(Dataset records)
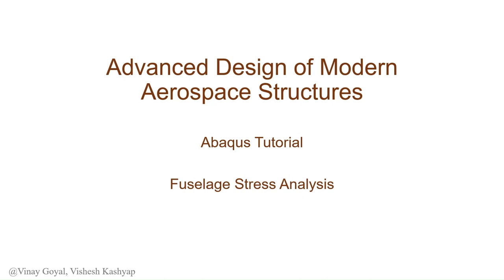Hi everybody, my name is Vishesh and today we're going to be analyzing the stress on a fuselage due to internal pressure in Abaqus.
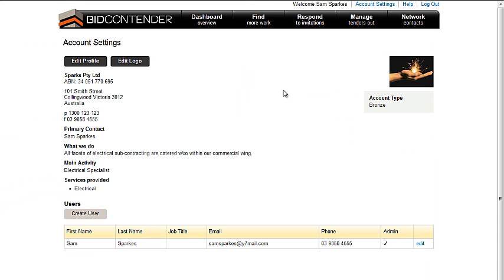To create a new user account, you must first have admin rights allocated to your account. To check that you have admin rights, look for your name on the allocated users list. If there is a tick in the admin column, you can complete the task. If not, contact your colleague that does. Every organisation on the BidContender network will have at least one admin user allocated to it.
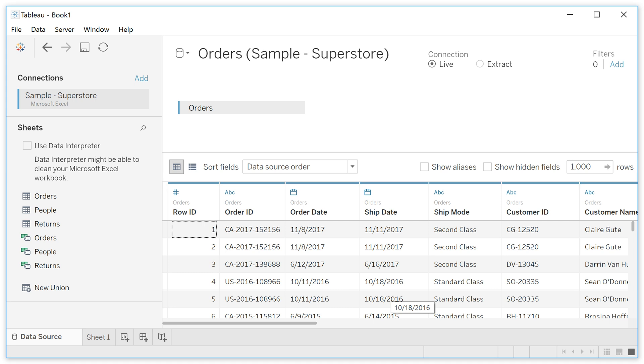We are here in the Superstore dataset from Tableau. Each row of this dataset represents one product that was sold.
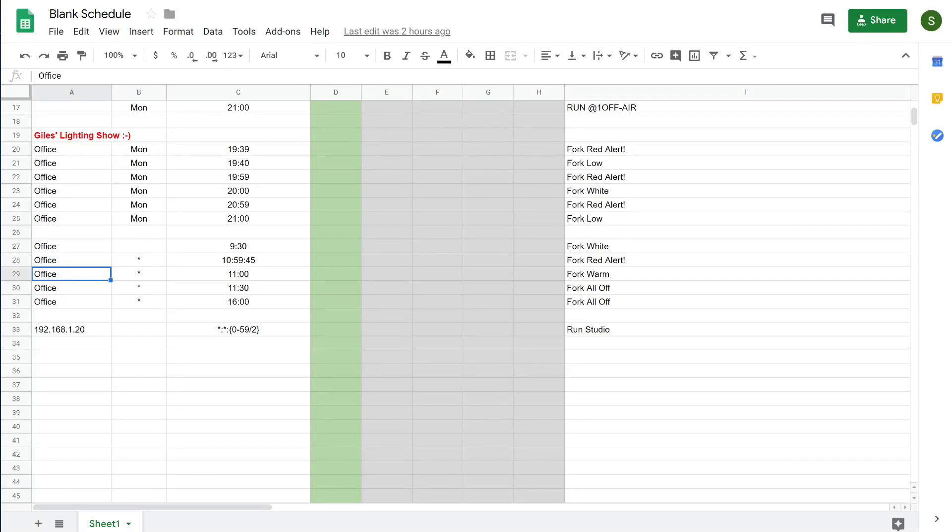Welcome back to getting started with automation for vMix. In the last video we looked at scheduling events at a particular time of the day.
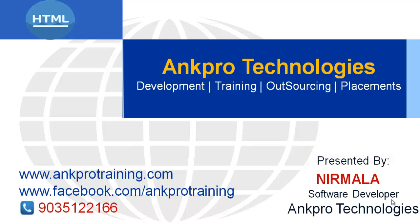Hello, welcome to HTML Tutorials brought to you by AgPro Technologies. Myself Nirmala.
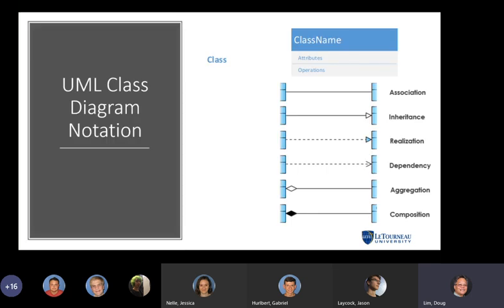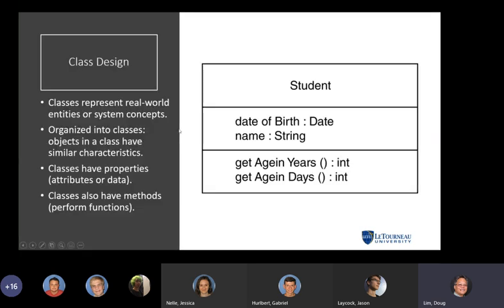The notation for class diagrams uses a rectangle with the class name at the top, followed by two sections: attributes and operations. Using the Student example, attributes include date of birth and name, and methods are listed below. You can also include the data type associated with each attribute — that level of detail is a personal preference.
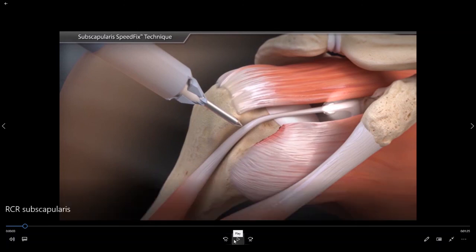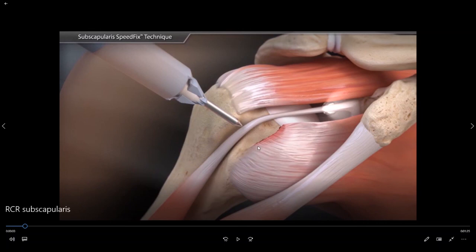So here we have made access to the shoulder via a cannula or a portal. We have identified that there is a tear of the upper border of the insertion of the subscapularis tendon. Immediately adjacent to that area is the long head of the biceps tendon. In the office we probably discussed that when you have a tear of the subscapularis tendon it can cause this tendon to come out of place and maltrack.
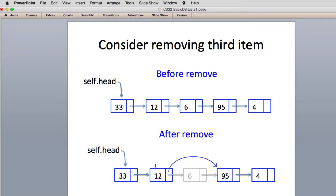Now we get to the more complex stuff. You especially want to pay attention to how these work. We have an assignment for you which works with a doubly linked list, so you have to pay attention to the techniques used to create these operations.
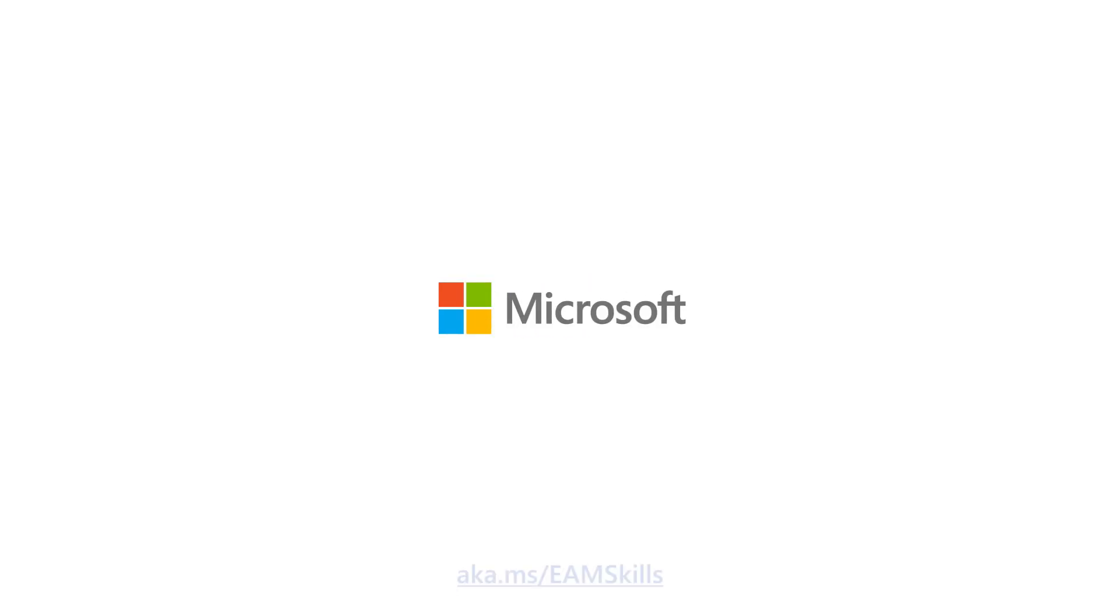For more information, visit aka.ms/eamskills.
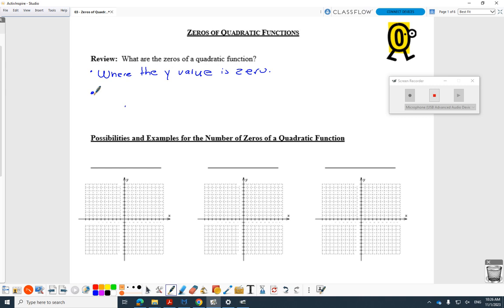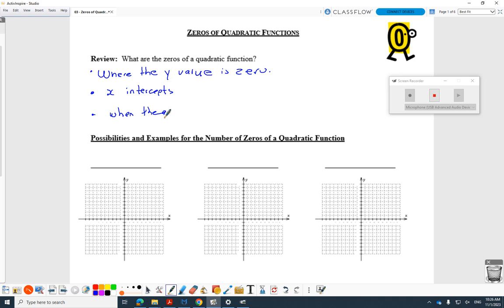What are the zeros of quadratic functions — where the y value is zero? These are sometimes called the x-intercepts. I'll add something that's coming so you're not surprised: when the quadratic function equals zero. These are also sometimes called roots.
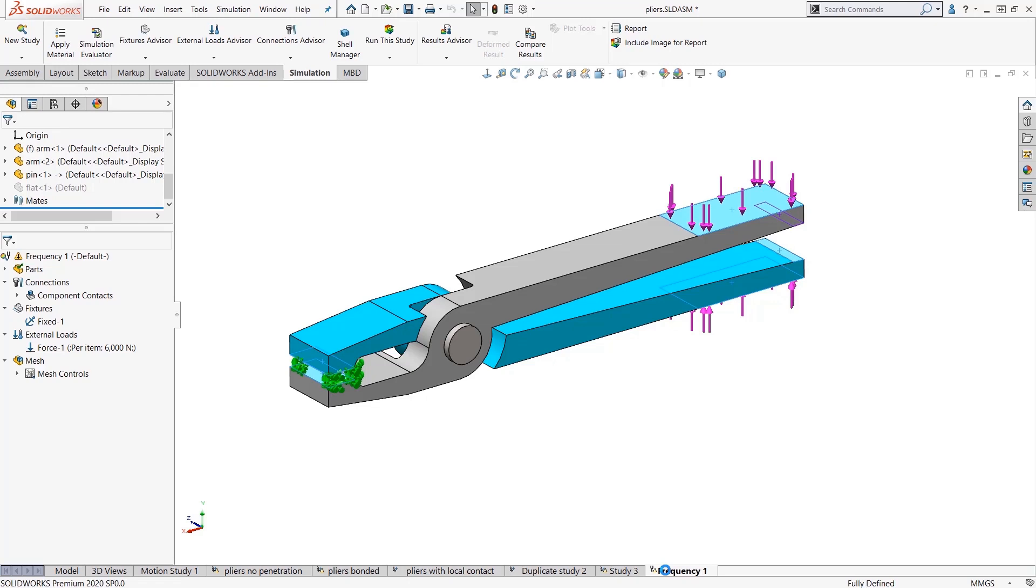Or completely duplicating the study through the right-click and hitting copy study. So those are the two ways that you can make SOLIDWORKS simulation work for you, so you can work faster and get your designs out the door quickly.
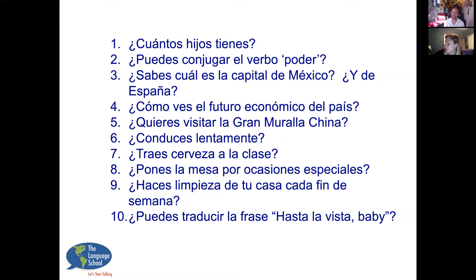'¿Quieres visitar la Gran Muralla China?' 'Sí, pero ya la conozco.' Ya (Y-A) means already, and la replaces la Gran Muralla as a direct object pronoun — so 'ya la conozco' means 'I've already been there.' That's exactly what conocer is used for. '¿Conduces lentamente?' 'No, no conduzco lentamente.' '¿Traes cerveza a la clase?' 'No, no traigo cerveza a la clase.'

=== Directions ===
Reproduce the entries exactly, from the line with "To create a" to the line with "So here we have", both lines included, keeping no pictures.

=== Final answer ===
To create a new user account, you must first have admin rights allocated to your account. To check that you have admin rights, look for your name on the allocated users list. If there is a tick in the admin column, you can complete the task. If not, contact your colleague that does. Every organisation on the BidContender network will have at least one admin user allocated to it.
We are here in the Superstore dataset from Tableau. Each row of this dataset represents one product that was sold.
Welcome back to getting started with automation for vMix. In the last video we looked at scheduling events at a particular time of the day.
Hello, welcome to HTML Tutorials brought to you by AgPro Technologies. Myself Nirmala.
The notation for class diagrams uses a rectangle with the class name at the top, followed by two sections: attributes and operations. Using the Student example, attributes include date of birth and name, and methods are listed below. You can also include the data type associated with each attribute — that level of detail is a personal preference.
So here we have made access to the shoulder via a cannula or a portal. We have identified that there is a tear of the upper border of the insertion of the subscapularis tendon. Immediately adjacent to that area is the long head of the biceps tendon. In the office we probably discussed that when you have a tear of the subscapularis tendon it can cause this tendon to come out of place and maltrack.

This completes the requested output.